Das positive Bild vom günstigen Heizsystem mit einer Nachtspeicherheizung hat sich in der Zwischenzeit gewandelt. Die Heizmethode gilt heute nicht mehr als umweltfreundlich, da die Stromproduktion selbst bereits eine große Menge an Energie benötigt. Die Elektrizität aufwändig in Kraftwerk zu erzeugen, um sie unter Verlusten in einen Haushalt weiterzuleiten, wo sie wiederum in Heizenergie (Wärme) umgewandelt wird, ist weder ökonomisch noch ökologisch sinnvoll.

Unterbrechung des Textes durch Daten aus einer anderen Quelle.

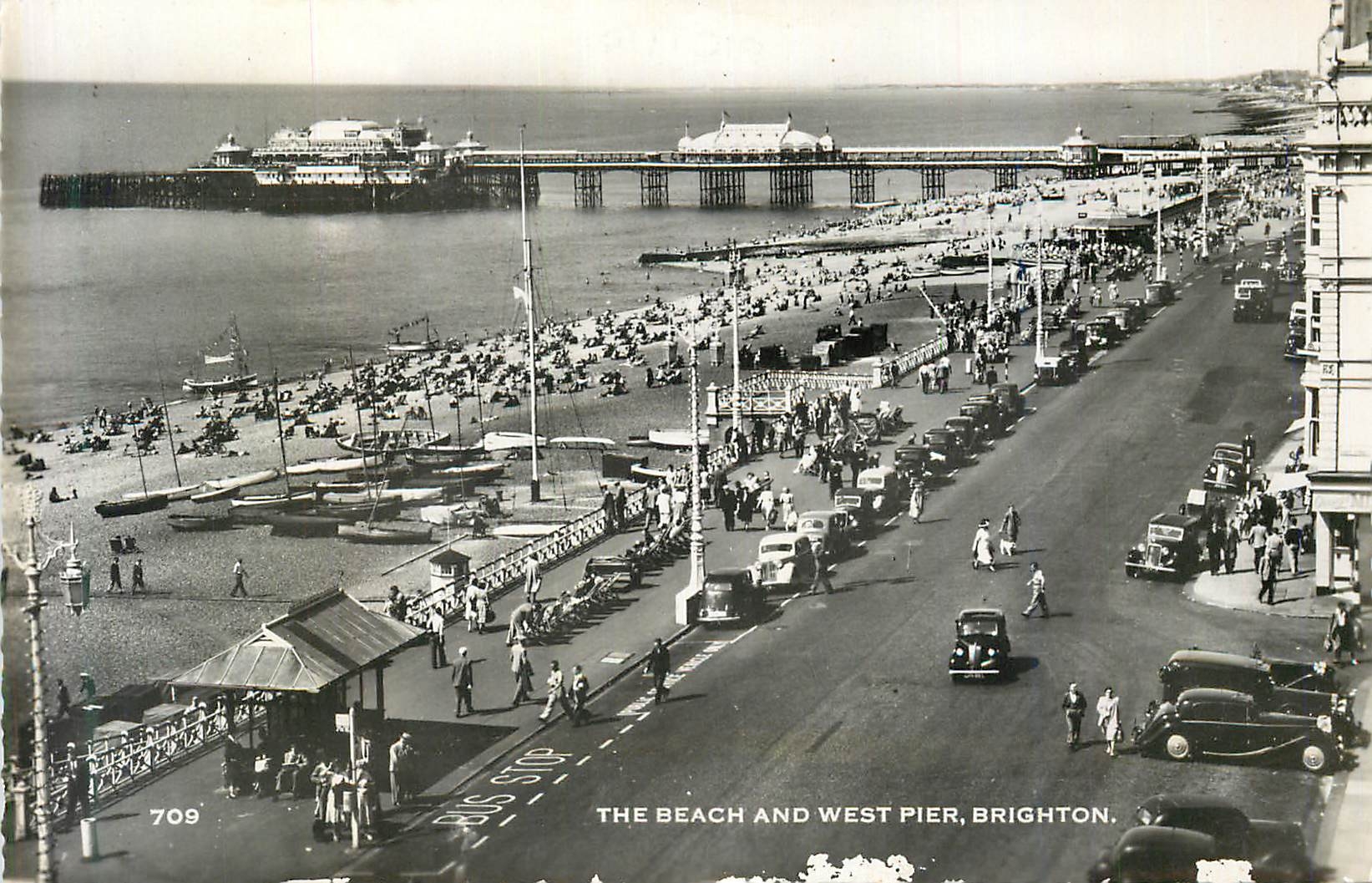 CPM 709 the beach and west pier brighton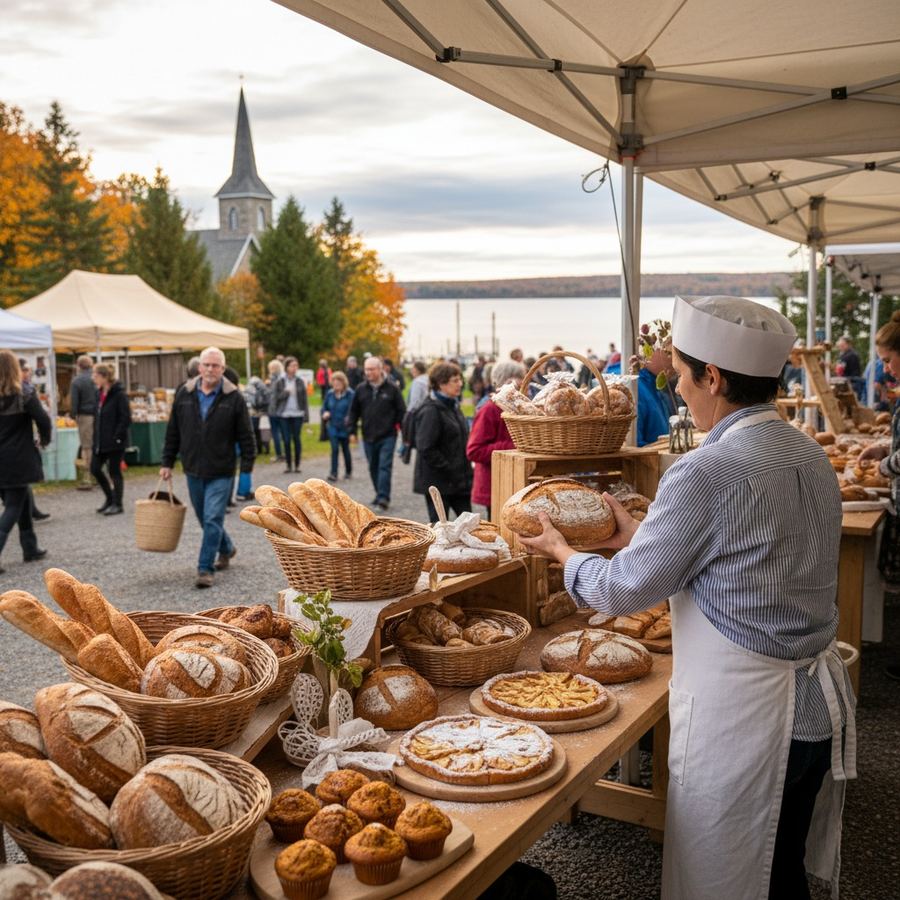 Baker selling fresh bread and pastries at an Ontario farmers market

Verbot für alte Nachtspeicheröfen gekippt

Aus diesem Grund hat der Gesetzgeber sogar Nachtspeicherheizungen (Nachtspeicheröfen) in Gebäuden mit mehr als fünf Wohneinheiten ab dem Jahr 2020 verboten. Der Bundestag hat dieses Verbot für die Öfen jedoch wieder gekippt, da die Geräte auf die wetterabhängigen Ökostromangebote reagieren können. So speichern die Öfen auch überschüssigen Tagstrom. Auch Energiekonzerne haben sich für eine Umrüstung der Nachtspeicheröfen zu intelligenten, flexiblen Speichern stark gemacht – bei der Stromproduktion mit erneuerbaren Energien kann schnell ein Überangebot entstehen. Speicherheizungen können dies nutzen. Umweltschützer sprechen jedoch von einem Lobbygeschenk, schließlich sind Nachtspeicher-Heizkörper nicht ganz energieeffizient.

Dämmung mit Asbest

Ein weiteres Problem der Nachtspeicheröfen ist der Tatsache geschuldet, dass sie in den 1960ern und 1970ern populär waren. Zu dieser Zeit war Asbest ein oft genutztes Dämmmaterial. Deshalb ist bei älteren Nachtspeicherheizungen damit zu rechnen, dass sie ebenfalls Asbest enthalten. Diese Asbestbelastung kann sich zu einer Gesundheitsgefahr entwickeln. Besonders kritisch ist das, wenn ein in die Jahre gekommenes Gerät entsorgt werden soll. Wenn sich die Fasern lösen, gelangen sie möglicherweise in die Lunge und können dort Krankheiten verursachen. Da dies in seltenen Fällen auch neuere Geräte betrifft, sollte beim Hersteller erfragt werden, wie das einzelne Gerät gedämmt ist. Die Entsorgung ist wegen der Gesundheitsgefahren und der entsprechenden gesetzlichen Vorschriften nicht allein durchzuführen. Damit ist ein darauf spezialisiertes Unternehmen zu beauftragen.